Exercise: All of the data must be written out verbatim, with pictures excluded.

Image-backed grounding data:
• • • • • • •
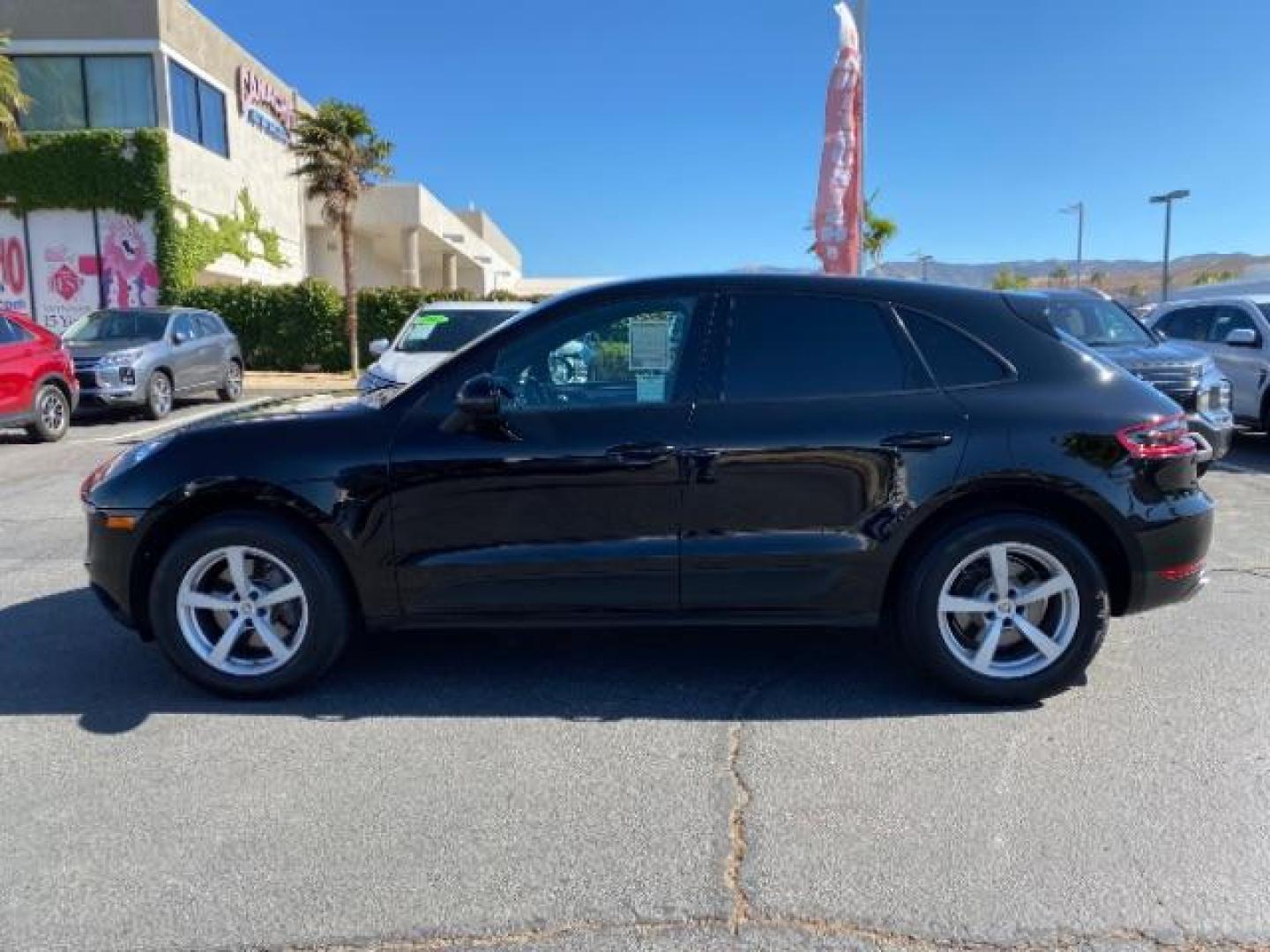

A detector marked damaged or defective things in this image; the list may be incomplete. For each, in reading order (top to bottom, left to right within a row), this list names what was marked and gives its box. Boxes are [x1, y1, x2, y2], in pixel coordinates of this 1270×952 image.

cracked pavement [2, 416, 1270, 952]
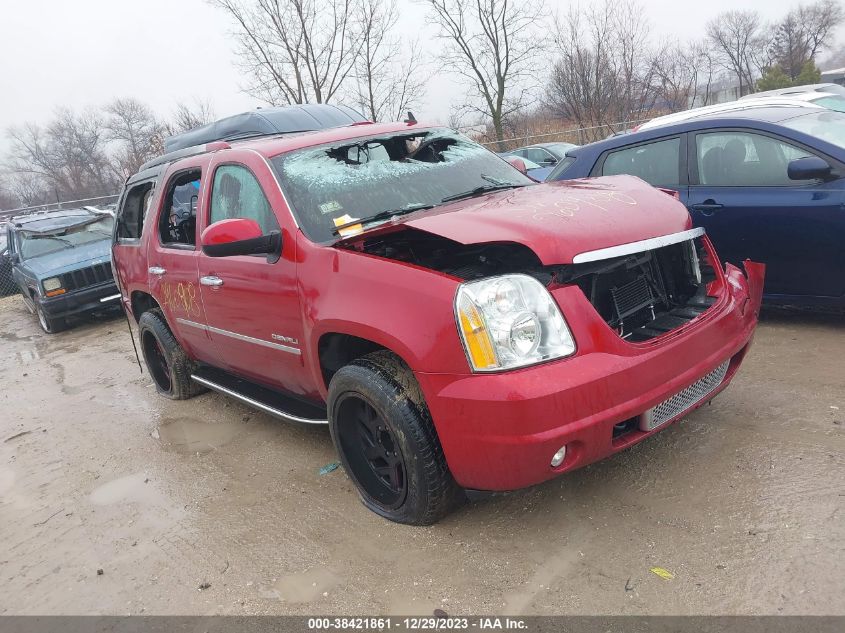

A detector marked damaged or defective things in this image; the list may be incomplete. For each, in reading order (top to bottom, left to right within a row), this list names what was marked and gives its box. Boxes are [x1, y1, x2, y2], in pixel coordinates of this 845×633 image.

shattered windshield [19, 215, 114, 260]
crumpled hood [22, 237, 111, 276]
shattered windshield [272, 127, 536, 241]
crumpled hood [398, 174, 688, 262]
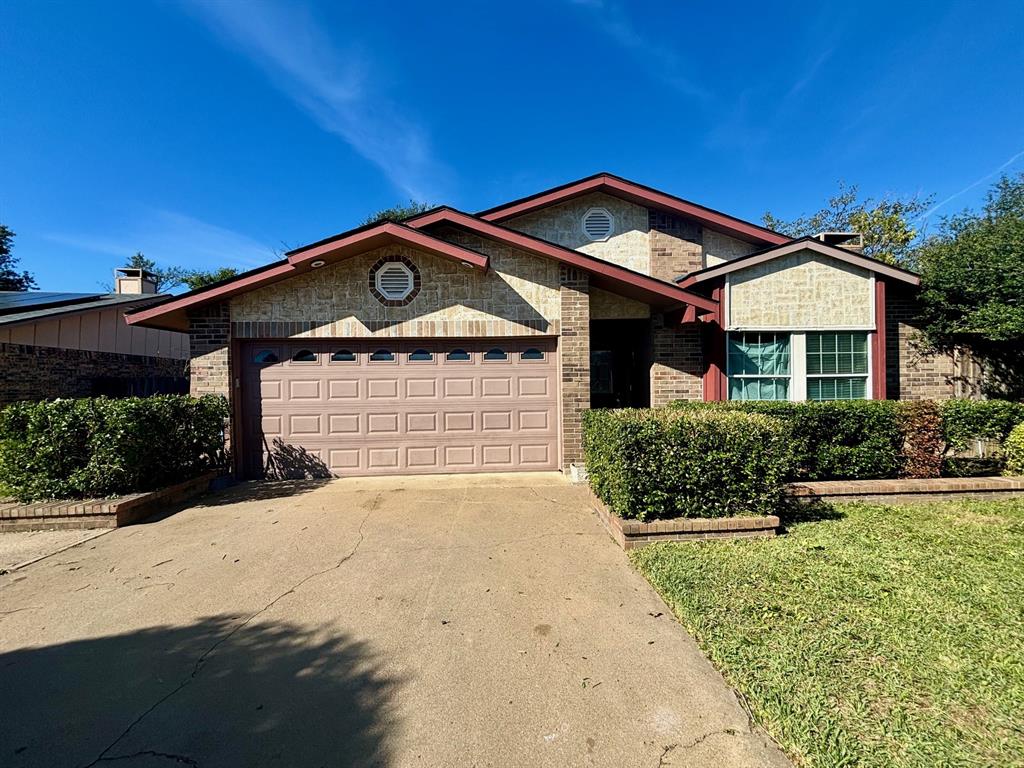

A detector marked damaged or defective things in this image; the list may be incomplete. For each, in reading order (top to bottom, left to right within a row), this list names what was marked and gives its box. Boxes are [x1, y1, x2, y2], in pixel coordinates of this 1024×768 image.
• • • • • • •
Written solution:
A detector marked damaged or defective things in this image; the list may be incomplete. For each, in reading order (top to bottom, left to right within a row), this list names what was marked and gives its box. Boxes are [x1, y1, x2, y2], in pixel coordinates of this 1270×952 image.

cracked pavement [2, 416, 1270, 952]

A detector marked damaged or defective things in this image; the list may be incomplete. For each, in reading order (top to bottom, left to right within a row), this list names what was marked and gives its box. Boxes are [x1, y1, x2, y2], in pixel coordinates of this 845×633 image.

shattered windshield [19, 215, 114, 260]
crumpled hood [22, 237, 111, 276]
shattered windshield [272, 127, 536, 241]
crumpled hood [398, 174, 688, 262]

A detector marked damaged or defective things in this image; the list may be incomplete. For each, in reading order (top to bottom, left to right within a row), this list names what was marked and gives its box. Boxes are [x1, y1, x2, y2], in pixel coordinates of this 1024×768 image.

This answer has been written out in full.